Update anomaly: two different lemmas for one passage.

UML Database Graph
  anfadr  |  endadr  |              lemma               |  hs  | labez |              lesart
----------+----------+----------------------------------+------+-------+----------------------------------
 50109012 | 50109020 | επηρθη και νεφελη υπελαβεν αυτον | A    | a     | επηρθη και νεφελη υπελαβεν αυτον
 50109012 | 50109020 | επηρθη και νεφελη υπελαβεν αυτων | 05C1 | b     | νεφελη υπεβαλεν αυτον και επηρθη
 50109012 | 50109020 | επηρθη και νεφελη υπελαβεν αυτων | 05*  | c     | νεφελη υπεβαλεν αυτον και απηρθη

Problem: Difficult Updates

Update anomaly: Hard to change lemma. Even harder to insert or delete word in lemma.

UML Database Graph

Update anomaly: Hard to merge manuscripts.

UML Database Graph

Problem: Insertion Anomalies

We have a manuscript name and a project internal manuscript number.

Problem: we can assign a manuscript number only if we also know a reading.

UML Database Graph

Solution: Split off Passages Table

By splitting off a passages table we have one lemma entry per passage.

UML Database Graph

Easy to change lemma. Moderately easy to insert or delete word in lemma.

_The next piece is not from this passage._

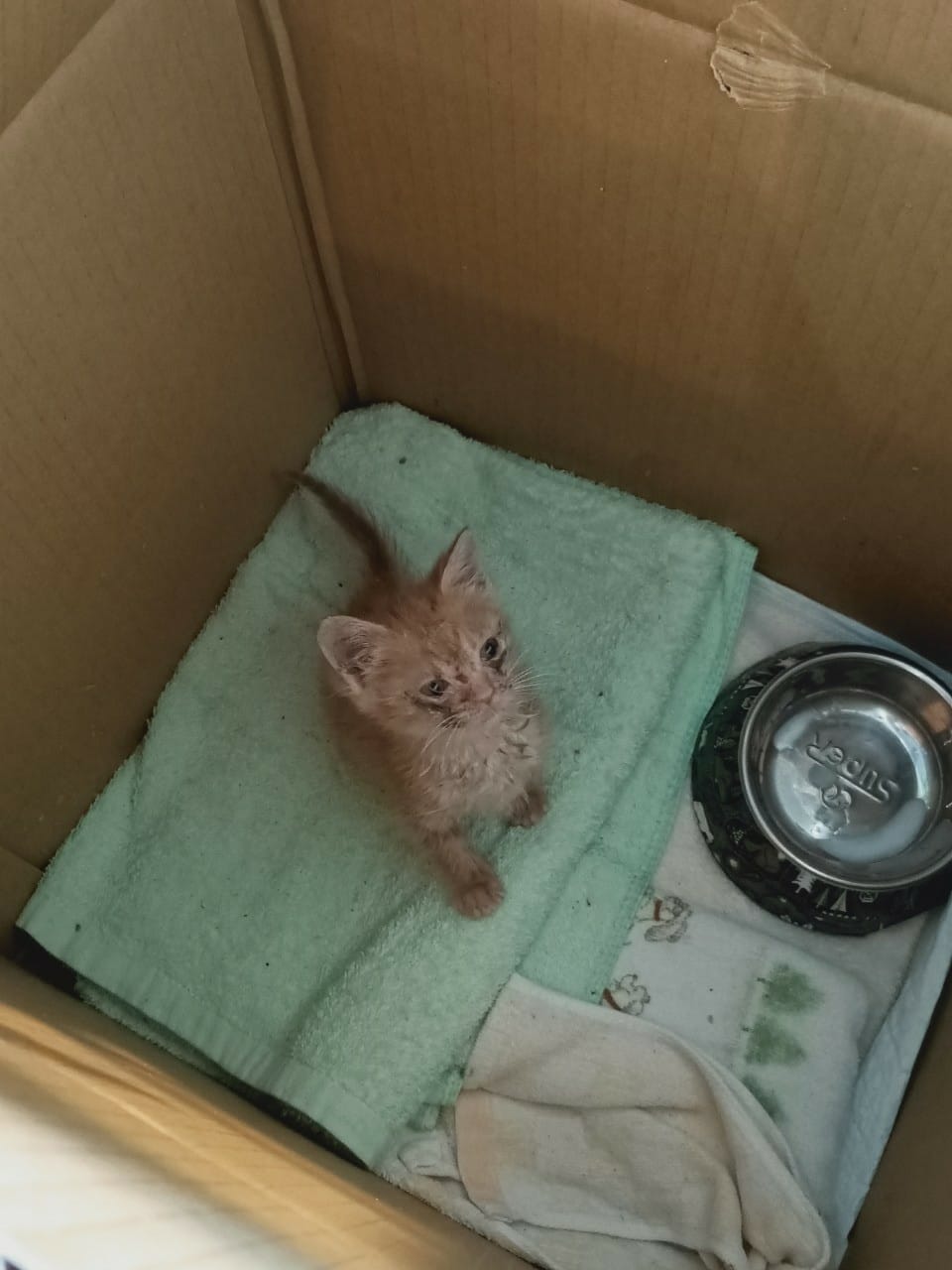 長堤cafe -阿公店水庫旁-湖景咖啡館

Solution: Split off Manuscripts Table

By splitting off a manuscripts table we can declare manuscripts first and add readings later.

UML Database Graph

Solution: Views

Define views for often used queries.

UML Database Graph
CREATE VIEW my_view AS
SELECT p.anfadr, p.endadr,
       ms.hs, ms.hsnr,
       a.labez, a.lesart
FROM apparatus   a
JOIN passages    p  USING (pass_id)
JOIN manuscripts ms USING (ms_id);
SELECT * FROM my_view;

  anfadr  |  endadr  |   hs   |  hsnr  | labez |              lesart
----------+----------+--------+--------+-------+-----------------------------------
 51615036 | 51615044 | 1642   | 316420 | c     | εις τον οικον μου μεινατε
 51707026 | 51707030 | 307    | 303070 | a     | ετερον λεγοντες ειναι
 51713024 | 51713024 | 1735   | 317350 | a     | τη
 52224004 | 52224010 | 915    | 309150 | b     | αυτον ο χιλιαρχος εισαγεσθαι
 51412022 | 51412024 | 1251   | 312510 | a     | αυτος ην

Problem: Dependent Columns

Problem: need to update many columns if one column changes.

UML Database Graph
  anfadr  | buch | kapanf | versanf | wortanf
----------+------+--------+---------+---------
 51341049 |    5 |     13 |      41 |      49
 51527004 |    5 |     15 |      27 |       4
 50516028 |    5 |      5 |      16 |      28
 52324006 |    5 |     23 |      24 |       6
 50828012 |    5 |      8 |      28 |      12

Solution: Functions

Eliminate dependent columns by using a function to compute the column value.

UML Database Graph
CREATE FUNCTION adr2chapter (adr INTEGER) RETURNS INTEGER AS $$
  SELECT ((adr / 100000) %% 100)
$$;
SELECT anfadr, adr2chapter (anfadr) AS chapter;

  anfadr  | chapter
----------+---------
 51341049 |      13
 51527004 |      15
 50516028 |       5
 52324006 |      23
 50828012 |       8

Conclusion

UML Database Graph

Advantages of the normalized database structure:

  • many database operations are easier to implement,
  • there’s one obvious place to update every datum,
  • you cannot put the database into an inconsistent state by accident.